Please copy only the material from the line that has "NWT Kate Spade" to the very last line, both ends included, exactly as written and without pictures.

- [Available data]
================

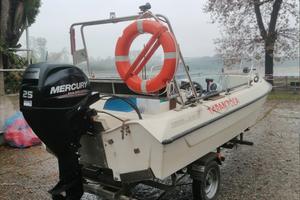 Barca Molinari Mercury 25 cv 4 tempi e carrello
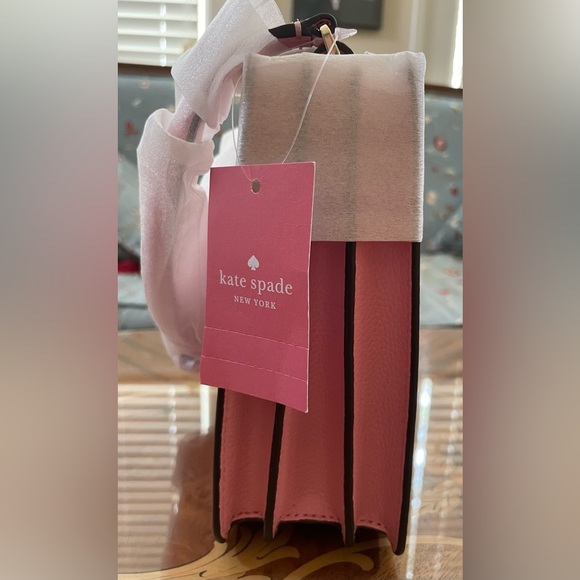 NWT Kate Spade New York EVA Leather Crossbody. Bright Carnation. 💕 - Picture 11 of 14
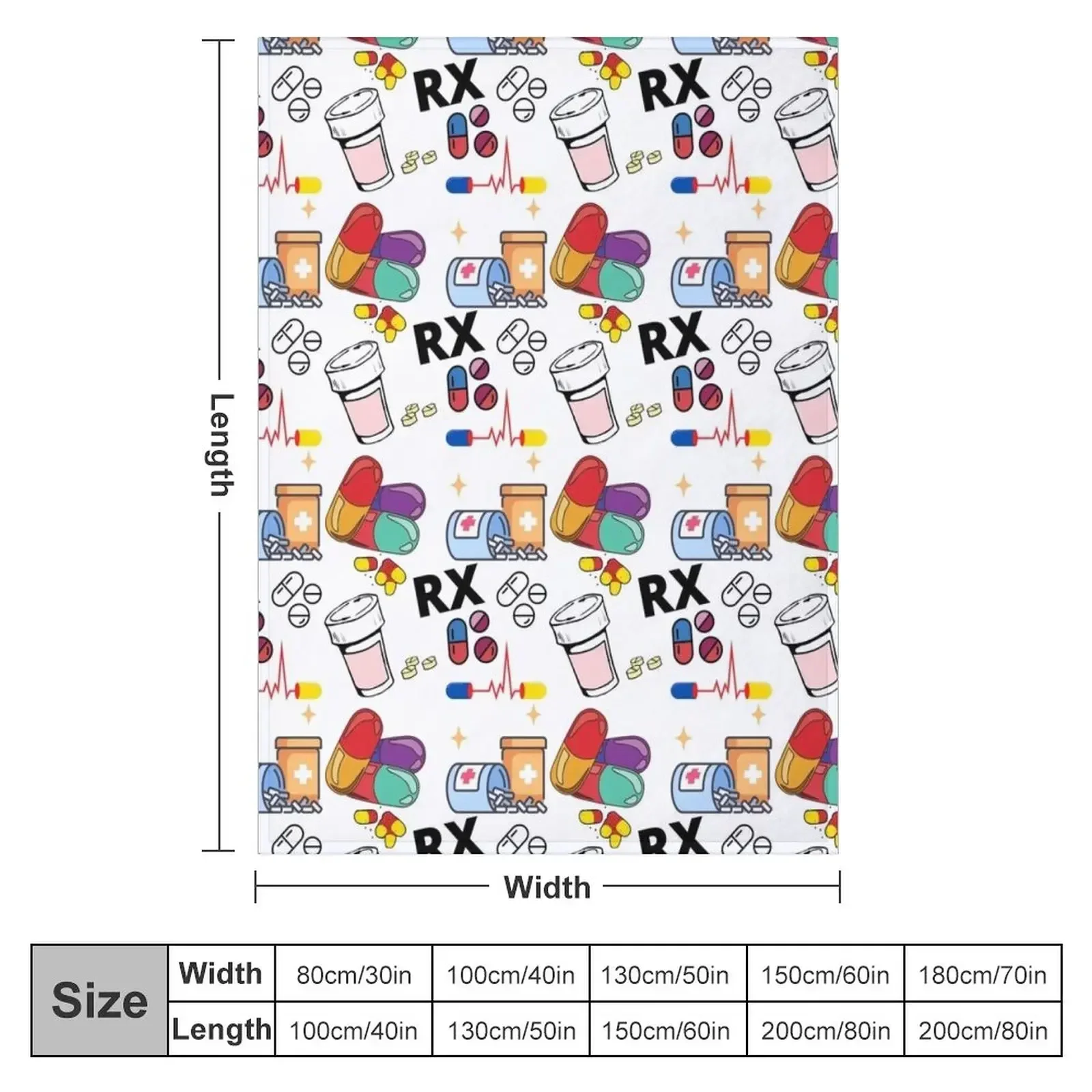 Pharmacy Pattern Pills RX Throw Blanket Luxury Brand Luxury valentine gift ideas Baby Hairys blankets and throws Blankets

================

- [Solution to the problem]
 NWT Kate Spade New York EVA Leather Crossbody. Bright Carnation. 💕 - Picture 11 of 14
 Pharmacy Pattern Pills RX Throw Blanket Luxury Brand Luxury valentine gift ideas Baby Hairys blankets and throws Blankets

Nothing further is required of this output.